I’ve waited a long time to write this. I want you to know that. The reason I waited so long was because I was on my own journey of forgiveness. A good writer once told me not to write when I’m angry. He said to journal first, and then write. Well in this case, it’s taken me years of journaling, and walking through this thing with Holy Spirit for me to really feel ready to talk about this in a way that it could possibly be received. It took those years of prayer and intimate conversations with God for me to realize that He has already given me all the approval I’ll ever need to be the leader He has called me to be. He healed my heart in that way only He can do, and now I am free. I am writing from a place of peace now.

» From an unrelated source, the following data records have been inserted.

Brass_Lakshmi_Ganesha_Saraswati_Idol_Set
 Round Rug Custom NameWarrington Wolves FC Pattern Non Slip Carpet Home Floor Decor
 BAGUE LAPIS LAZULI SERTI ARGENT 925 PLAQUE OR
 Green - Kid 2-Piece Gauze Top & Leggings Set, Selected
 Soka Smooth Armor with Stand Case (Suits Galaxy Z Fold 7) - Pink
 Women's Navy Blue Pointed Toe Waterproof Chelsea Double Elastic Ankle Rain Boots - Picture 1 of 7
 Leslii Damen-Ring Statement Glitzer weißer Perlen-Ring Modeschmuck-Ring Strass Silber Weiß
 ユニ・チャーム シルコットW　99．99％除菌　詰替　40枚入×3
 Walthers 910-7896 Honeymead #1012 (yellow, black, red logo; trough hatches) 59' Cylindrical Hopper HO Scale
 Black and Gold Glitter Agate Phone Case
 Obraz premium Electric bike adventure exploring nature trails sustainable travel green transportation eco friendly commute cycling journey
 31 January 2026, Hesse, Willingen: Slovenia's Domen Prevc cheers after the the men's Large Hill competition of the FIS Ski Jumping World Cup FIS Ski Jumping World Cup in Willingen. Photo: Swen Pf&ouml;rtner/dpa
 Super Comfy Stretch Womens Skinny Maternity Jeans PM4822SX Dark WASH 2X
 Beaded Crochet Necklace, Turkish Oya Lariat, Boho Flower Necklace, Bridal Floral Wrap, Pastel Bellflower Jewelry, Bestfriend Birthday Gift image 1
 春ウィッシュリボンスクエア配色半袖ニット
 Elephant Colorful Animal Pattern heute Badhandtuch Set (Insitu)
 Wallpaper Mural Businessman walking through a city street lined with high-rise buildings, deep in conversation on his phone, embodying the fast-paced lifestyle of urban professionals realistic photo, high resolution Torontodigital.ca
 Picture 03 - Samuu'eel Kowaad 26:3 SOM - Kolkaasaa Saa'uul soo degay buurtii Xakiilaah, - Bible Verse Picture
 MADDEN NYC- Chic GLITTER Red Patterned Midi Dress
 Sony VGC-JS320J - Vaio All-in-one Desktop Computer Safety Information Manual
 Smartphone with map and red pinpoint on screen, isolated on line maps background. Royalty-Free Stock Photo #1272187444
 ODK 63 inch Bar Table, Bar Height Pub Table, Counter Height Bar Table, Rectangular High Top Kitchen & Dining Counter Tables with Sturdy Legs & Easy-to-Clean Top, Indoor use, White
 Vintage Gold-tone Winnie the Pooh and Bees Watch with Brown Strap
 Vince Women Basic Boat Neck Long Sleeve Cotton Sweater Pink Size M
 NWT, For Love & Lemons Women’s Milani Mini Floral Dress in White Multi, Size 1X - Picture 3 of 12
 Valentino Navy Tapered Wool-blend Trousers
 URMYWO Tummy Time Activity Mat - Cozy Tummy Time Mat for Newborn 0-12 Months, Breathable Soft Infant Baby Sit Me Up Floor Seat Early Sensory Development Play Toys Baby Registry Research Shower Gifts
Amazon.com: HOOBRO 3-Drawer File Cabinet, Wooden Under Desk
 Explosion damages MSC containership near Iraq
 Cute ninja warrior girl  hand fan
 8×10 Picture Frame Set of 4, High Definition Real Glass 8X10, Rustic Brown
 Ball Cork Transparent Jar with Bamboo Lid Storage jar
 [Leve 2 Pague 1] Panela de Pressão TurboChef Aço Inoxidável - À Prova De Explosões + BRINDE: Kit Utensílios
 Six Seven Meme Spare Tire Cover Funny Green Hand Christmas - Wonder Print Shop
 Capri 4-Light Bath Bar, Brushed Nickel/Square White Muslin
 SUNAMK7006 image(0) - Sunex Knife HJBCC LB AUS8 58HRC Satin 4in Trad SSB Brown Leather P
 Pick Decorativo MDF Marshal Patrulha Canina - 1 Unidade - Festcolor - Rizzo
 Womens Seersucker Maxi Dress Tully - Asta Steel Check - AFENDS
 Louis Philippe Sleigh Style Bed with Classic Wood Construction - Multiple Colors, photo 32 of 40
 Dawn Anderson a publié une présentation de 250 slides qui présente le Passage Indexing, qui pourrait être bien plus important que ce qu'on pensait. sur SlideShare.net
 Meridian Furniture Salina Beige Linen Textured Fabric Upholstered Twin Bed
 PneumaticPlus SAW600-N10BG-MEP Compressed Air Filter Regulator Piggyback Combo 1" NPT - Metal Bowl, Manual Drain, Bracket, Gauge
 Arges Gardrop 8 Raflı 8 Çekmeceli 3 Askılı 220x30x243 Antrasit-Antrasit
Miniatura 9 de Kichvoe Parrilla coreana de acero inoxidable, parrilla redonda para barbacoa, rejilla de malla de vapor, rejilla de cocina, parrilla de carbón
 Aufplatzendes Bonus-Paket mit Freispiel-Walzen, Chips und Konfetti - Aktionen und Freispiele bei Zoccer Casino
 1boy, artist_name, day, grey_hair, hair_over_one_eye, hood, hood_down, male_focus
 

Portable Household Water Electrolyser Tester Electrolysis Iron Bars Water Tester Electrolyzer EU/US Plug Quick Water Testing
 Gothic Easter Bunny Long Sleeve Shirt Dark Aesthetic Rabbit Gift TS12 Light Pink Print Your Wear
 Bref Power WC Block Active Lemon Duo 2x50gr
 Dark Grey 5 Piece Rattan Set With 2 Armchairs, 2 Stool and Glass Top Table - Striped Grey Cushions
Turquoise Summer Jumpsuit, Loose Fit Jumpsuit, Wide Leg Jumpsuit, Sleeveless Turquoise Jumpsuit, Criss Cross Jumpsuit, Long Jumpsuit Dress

I’m writing this to anyone who cares to know. Anyone who wants to know. I am not a “pastor’s wife”. Yes, my husband is a pastor. So I guess if you really want to get technical, I technically am a pastor’s wife, because I am married to a pastor. But I too, am a pastor of our church. I am a pastor, and my husband is a pastor. It’s funny that I’ve never heard someone refer to him as the pastor’s husband. I actively disciple people, love and teach our congregation. I also preach, and this is also my church family. I love each and every one of the people of Streams of Life Church. Actually I just love people, in general.
My husband and I are different. He pastors and leads differently than I do. We work as a team, capitalizing on each of our strengths. For example, Rene is a strong visionary. I also am a visionary, but I also see the work and structure that it would take for a vision to become a reality. Both of those things are important. If you only have vision, then who will do the grunt work and planning necessary to cause the vision to come to pass? You see what I mean? We make a great team because we allow each other to lead the way that is most natural to us.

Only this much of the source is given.